Above combination is applied into below code.

model = DQN('CnnPolicy',env,verbose=1,learning_starts=50000,gamma=0.98,exploration_final_eps=0.02,learning_rate=1e-3)
model.learn(total_timesteps=int(1.5e7),log_interval=10)

Since I already tried the above mentions combinations, I tend to think to have a bug in DQN implementation.

Checklist

Miffyli commented 3 years ago

Have you tried using the parameters and/or other code from the zoo repository? I used parameters from SB2-zoo (without priorization/dueling/etc) recently when matching the performance and things worked out as expected (see #110).

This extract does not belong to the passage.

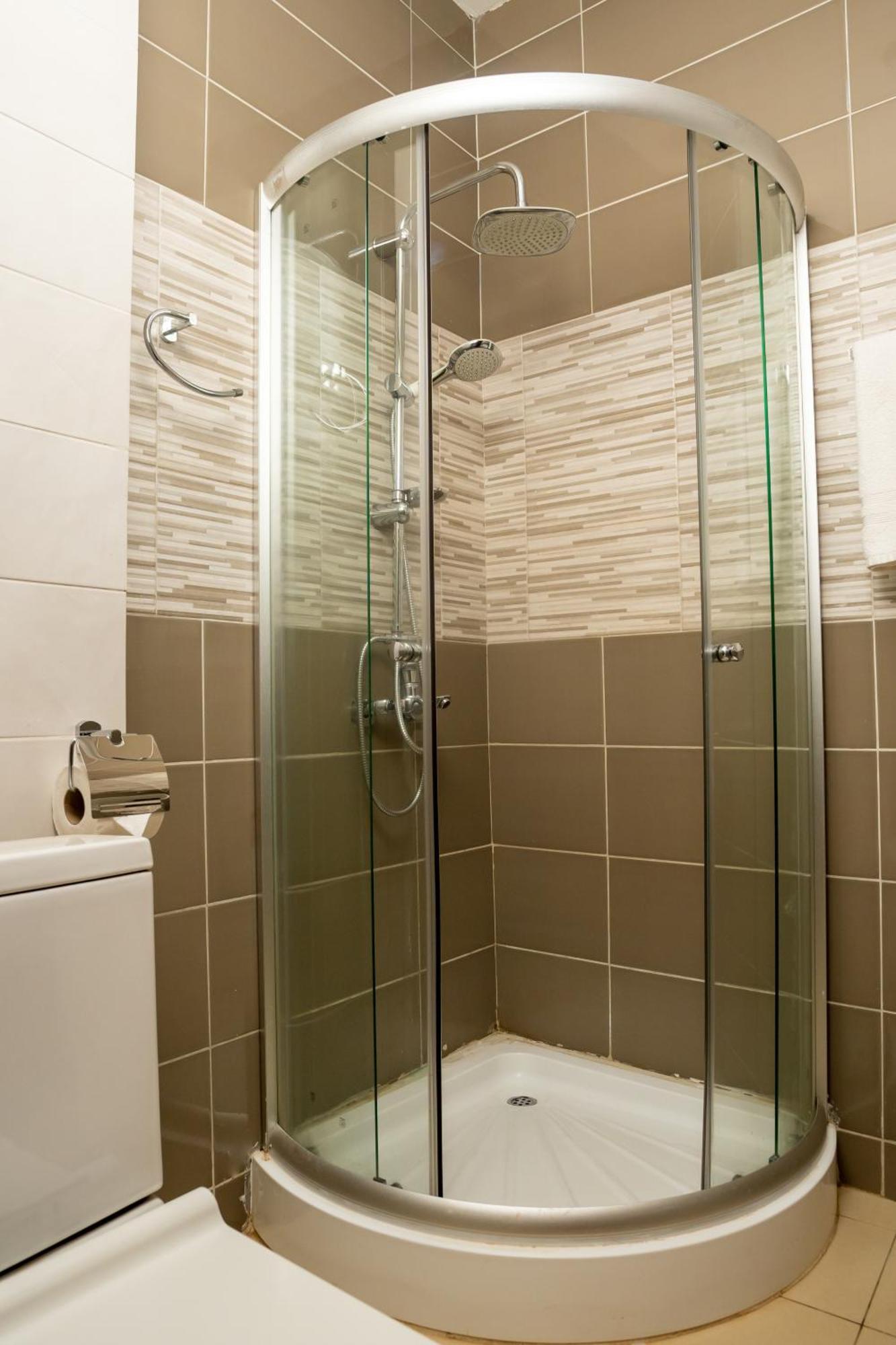 Cincinnati Hotel Yaounde Ngoại thất bức ảnh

MilanVZinzuvadiya commented 3 years ago

Thanks, @Miffyli ! For my research work, I have stuck with this issue for more than 2 weeks. I didn't use exactly the same combination. Furthermore, I didn't use stacking mentioned in parameters.
Now, I started training with the exact same combination mentioned in parameters. I will give you an update after the training.

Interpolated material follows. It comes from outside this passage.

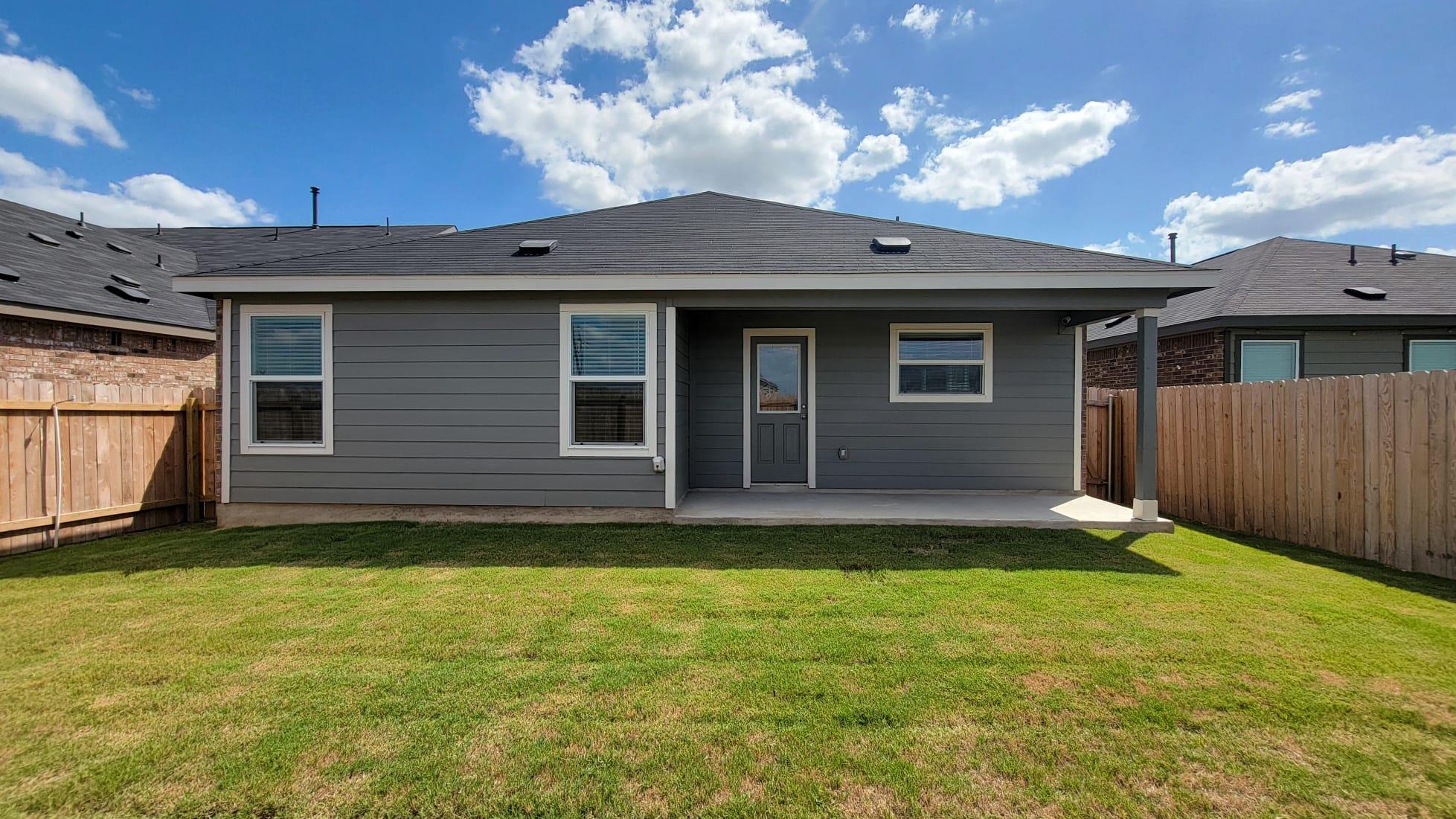 319 Alamito Ave, Kyle, TX 78640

araffin commented 3 years ago

Yes, as mentioned in the documentation, please use the rl zoo if you want to replicate results. It is only one line:

python train.py --algo dqn --env PongNoFrameskip-v4 --eval-episodes 10 --eval-freq 50000

Note: the reward in evaluation is the clipped one for now (see #181 )

EDIT: I'm currently doing one run too to check and it gives me: Eval num_timesteps=750000, episode_reward=-15.20 +/- 2.36 (so already looking good even before 1M steps)

araffin commented 3 years ago

Closing this as I'm getting Eval num_timesteps=1850000, episode_reward=20.40 +/- 0.66 (so almost perfect score after ~2M steps) with the rl zoo, see command in the previous comment (using SB3 v0.10.0).

chongyi-zheng commented 3 years ago

I got the same issue here after training for 10M on Pong, so is there anything wrong with the benchmark hyperparameters or does the performance depend on pytorch version?

Here is my command

--algo dqn --env PongNoFrameskip-v4

and config log

========== PongNoFrameskip-v4 ==========
Seed: 3242554354
OrderedDict([('batch_size', 32),
             ('buffer_size', 10000),
             ('env_wrapper',
              ['stable_baselines3.common.atari_wrappers.AtariWrapper']),
             ('exploration_final_eps', 0.01),
             ('exploration_fraction', 0.1),
             ('frame_stack', 4),
             ('gradient_steps', 1),
             ('learning_rate', 0.0001),
             ('learning_starts', 100000),
             ('n_timesteps', 10000000.0),
             ('optimize_memory_usage', True),
             ('policy', 'CnnPolicy'),
             ('target_update_interval', 1000),
             ('train_freq', 4)])

I will try the command above today and report it.

araffin commented 3 years ago

I got the same issue here after training for 10M on Pong, so is there anything wrong with the benchmark hyperparameters or does the performance depend on pytorch version?

make sure to have latest SB3, RL Zoo, gym and PyTorch version.

For the v1.0 release, I trained DQN on many environments and below is the learning curve for Pong (because of frameskip, the displayed number of timesteps must be divided by 4):

Training_Episodic_Reward_dqn_pong

You can find the pre-trained agent and associated hyperparameters in the rl-trained-agents folder. To plot the training curve:

python scripts/plot_train.py -a dqn -e Pong -f rl-trained-agents/
chongyi-zheng commented 3 years ago

I have rerun my experiments with different seeds and see a weird result. Currently, the code seems to be seed dependent: I get poor performance with this seed = 1738194436 and promising performance with seed = 3242554354. Would you mind have a run to confirm this?

araffin commented 3 years ago

I have rerun my experiments with different seeds and see a weird result.

See doc "tips and tricks" and "reproducibility":

One thing you can do is augment the replay buffer size to 1e5 or 1e6 (if it fits in your RAM) (I think I may have forgotten to set it back to higher value, even though it seems to work in most cases, cf benchmark).